According to a brief statement released Tuesday by the National People’s Congress, the new revised code “will no longer retain the relevant content of family planning.”
The revised code won’t be completed until March 2020 and there is no indication yet how exactly the change would be made, or whether any other restrictions or conditions might remain on Chinese families.
But a change to the country’s strict family planning laws had been considered likely by experts for some time.
“The government will lift the policy, to what degree they then go further with pro-natal policy is another issue, but I think they’ll lift the policy in the foreseeable future,” Therese Hesketh, professor at the University College London’s Institute for Global Health, told CNN.
Giving birth ‘a national issue’
Worries over a falling birth rate had led Beijing to announce in October 2015 it would no longer mandate Chinese couples only had one child, ending policy that for decades has been blamed for infanticide and forced sterilizations.

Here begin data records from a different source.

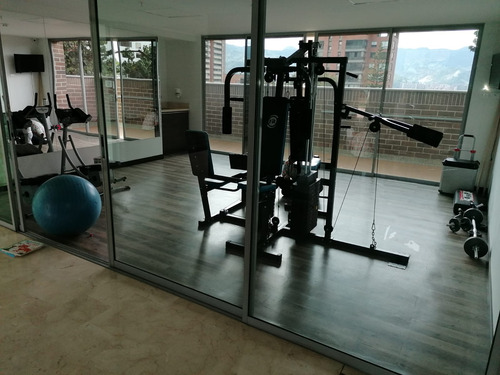 Imagen 14 de 22 de Apartamento En Venta Medellin Sector Alejandria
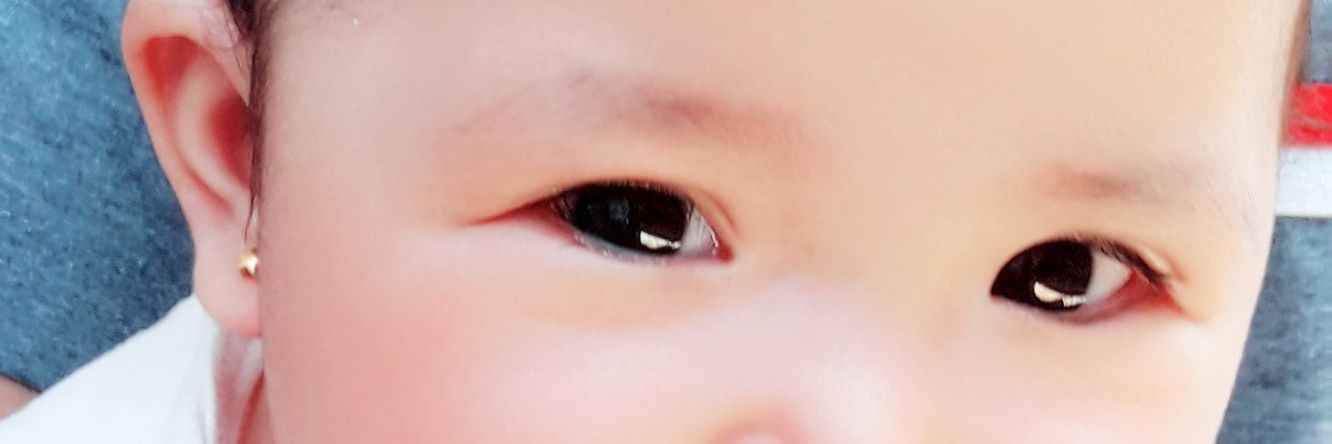 iamcclc's profile banner image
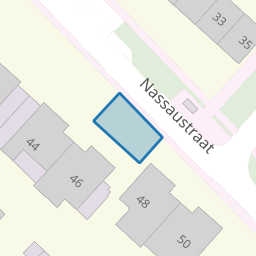 Perceel OOI00-B-2702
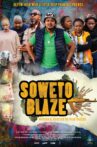Soweto Blaze Movie Streaming Online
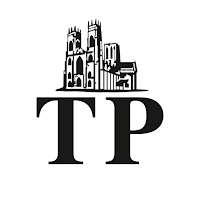 York Press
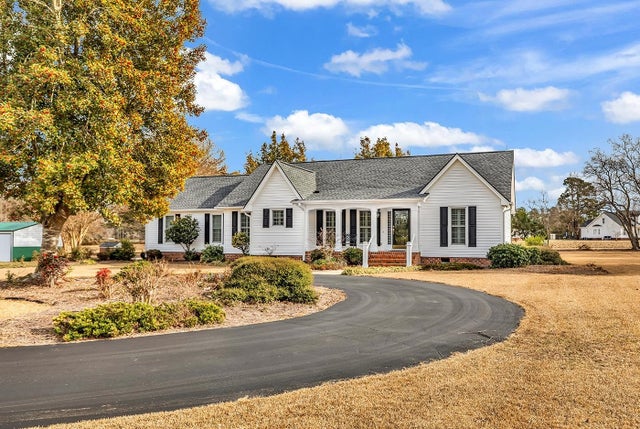 Photo of Listing #2602751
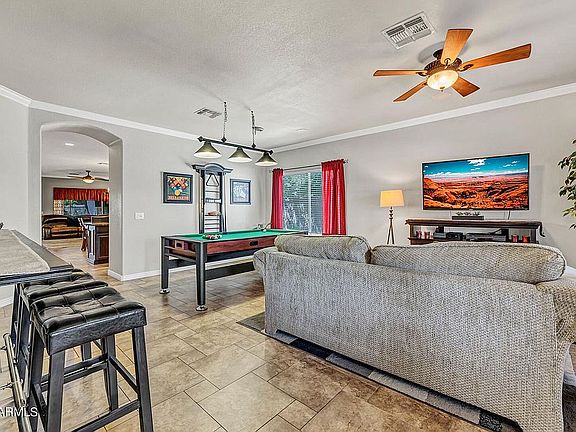 5th image of 22032 N 78th Dr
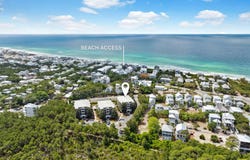 4545 E Co Highway 30A, Santa Rosa Beach, FL 32459
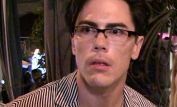 Tom Sandoval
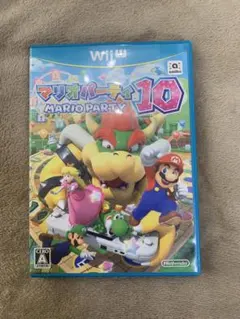 Item thumbnail for item 3c98cfb5-51cd-4acf-add0-3d6515921bec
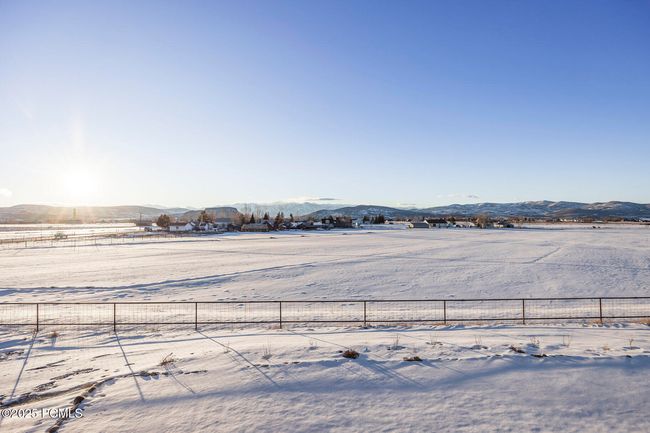 723 Lazy Way, House other with 5 bedrooms, 5 bathrooms and null parking in Francis UT | Image 78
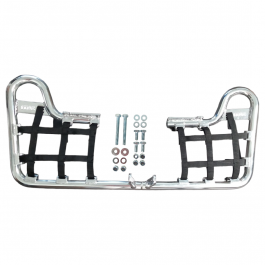 PAIRE DE NERF BARS STANDARD 350 BANSHEE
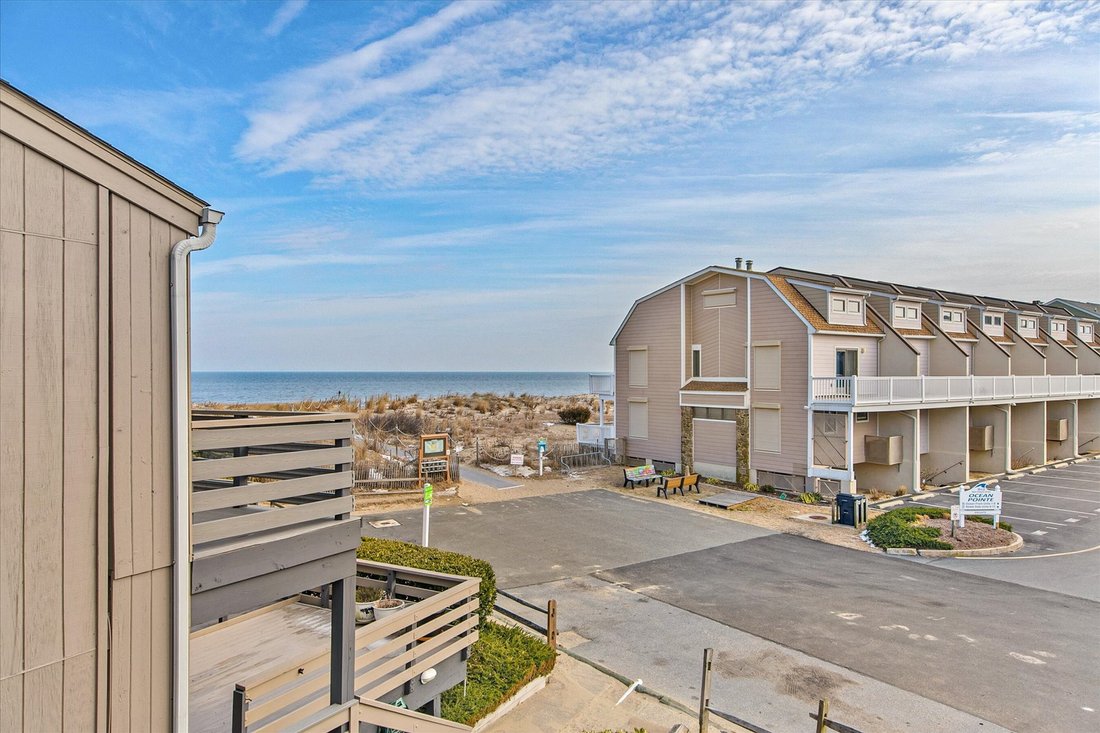 House in Rehoboth Beach, Delaware, United States 1 - 17155827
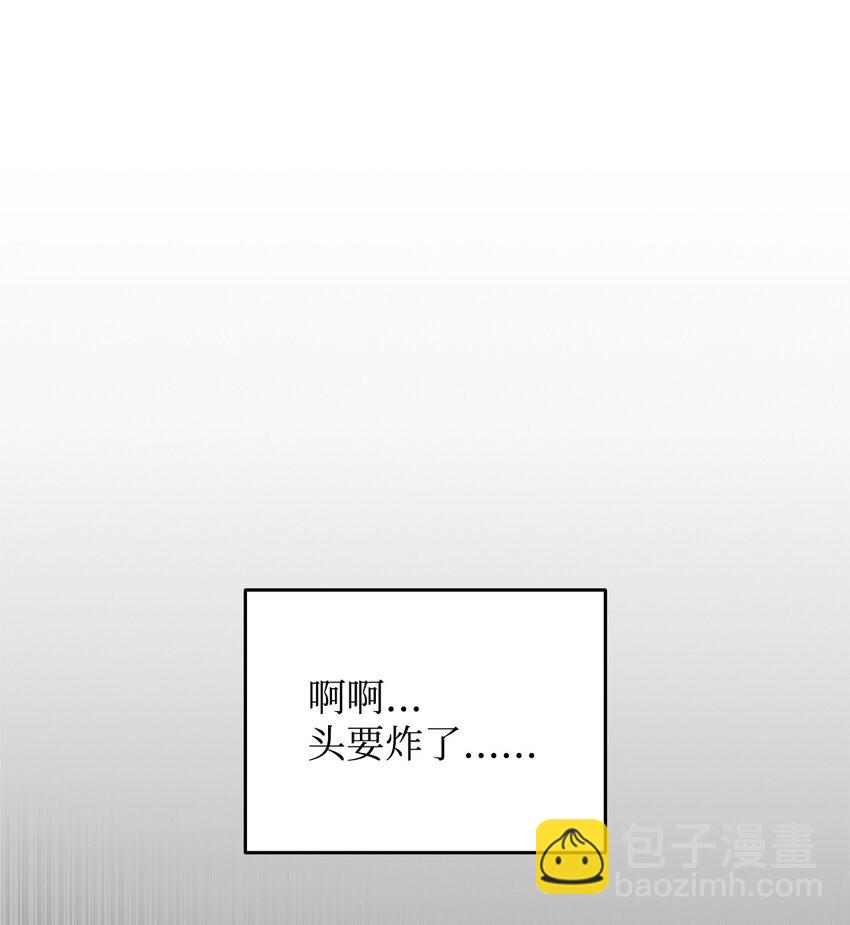 151 最终BOSS(1/3)-第151话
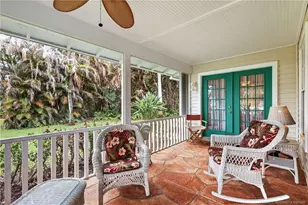 6198 SE Black Oak Ln, Stuart, FL 34997 - Photo 11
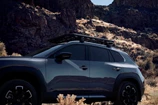 MazdaCX-50_10_PolymetalGray.jpg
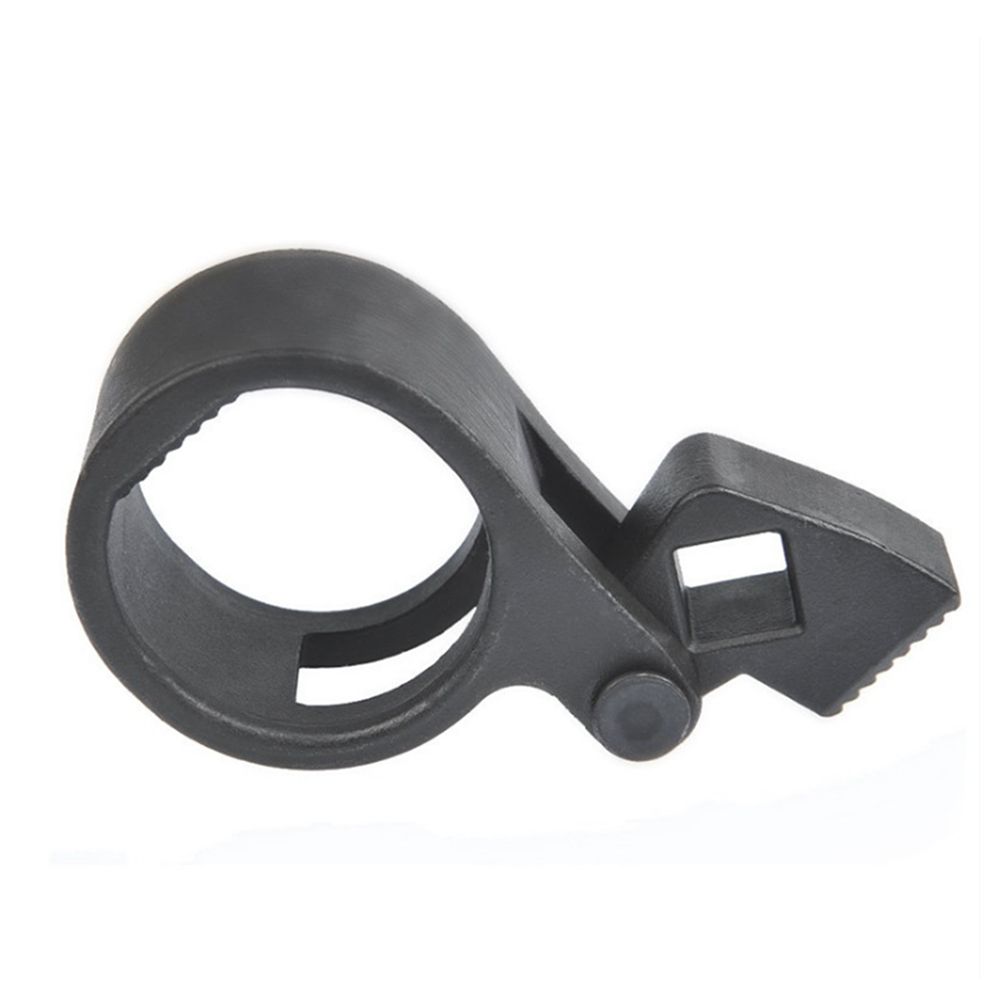 Universal Car Truck Inner Tie Rod Wrench 27-42mm Repair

Instead, parents were allowed and even encouraged to have up to two children. An opinion piece titled “Giving birth is a family matter and a national issue” was published on August 6 in the overseas edition of People’s Daily, mouthpiece of the ruling Chinese Communist Party.
But the changes failed to produce a spike in the birth rate. In 2017, the country’s total fertility rate was 1.6 children per woman, well below the 2.1 rate estimated to be necessary to keep the population steady.
“Relaxing the One Child policy actually didn’t lead to an immediate jump in births, which the government was kind of predicting and counting on,” Human Rights Watch senior researcher Maya Wang told CNN.
“So now the Chinese government has come around to the opinion as well they need to further relax their control and abolish the birth controls altogether.”
CNN contacted China’s National Health Commission, which oversees the country’s family planning, for comment on the story.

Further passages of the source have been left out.